Was kann man sich also unter der Musik von Jem vorstellen? Ganz einfach: Es klingt wie Dido, nur gut. Nicht so nach eingeschlafenen Füßen, nicht so unattraktiv wie ein Kaffeetischchen von IKEA. Während Jems Stimme durchaus Wohlklang verbreitet und sanft und melodiös durch die Songs gleitet, ist die zugrunde liegende Musik zwar nicht sperrig, aber spannend: Da sind dramatische Streicher und E-Gitarren zu hören ("24"), Ohrwurm-Samples von den Swingle Singers ("They"), gemütliche Akustikgitarren ("Just a Ride"), Erinnerungen an den Pop der 60er ("Wish I").
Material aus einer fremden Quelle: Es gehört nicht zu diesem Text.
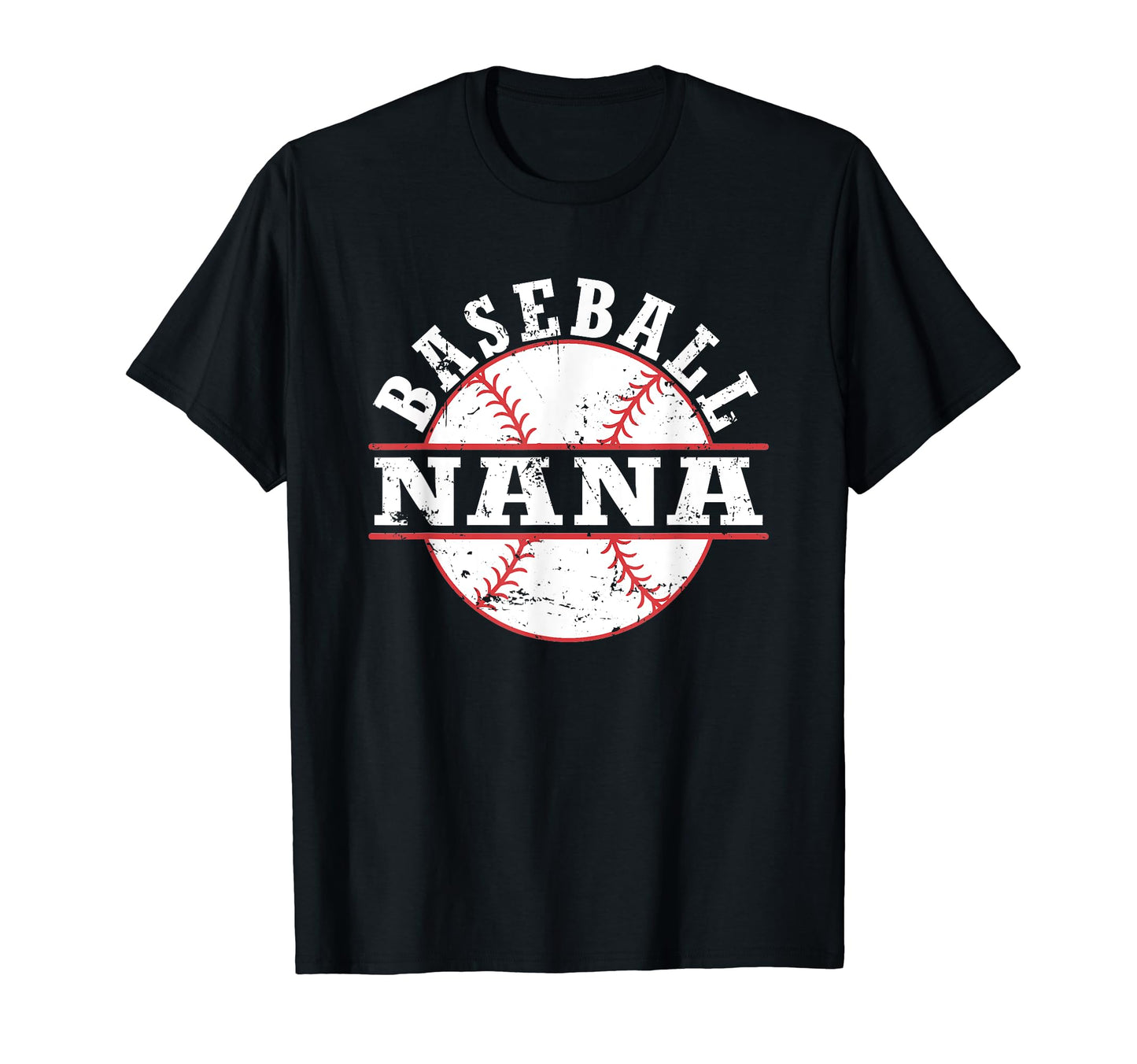 Baseball Nana T-Shirt - Casual Everyday Wear Unisex - T-Shirt, Sweatshirt, Hoodie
Darunter Beats und Grooves, die der Engländer wohl als "crisp" bezeichnen würde, und eine glasklare Produktion.
Das geht alles glatt ins Ohr und bleibt auch drin: Schon beim zweiten Anhören erkennt man Songs und Melodien wieder, ab dem dritten Mal wird mitgesummt. Da stört es dann auch nicht so, dass im hinteren Drittel der CD die Songs nicht mehr ganz so stark sind wie vorne, und dass dann vielleicht eine Ballade zuviel angehängt ist. Denn schlecht sind die einzelnen Tracks nie, und mit 41 Minuten Spielzeit bleibt Jem auch nicht länger, als wir sie wollen. Ausdrückliche Kaufempfehlung.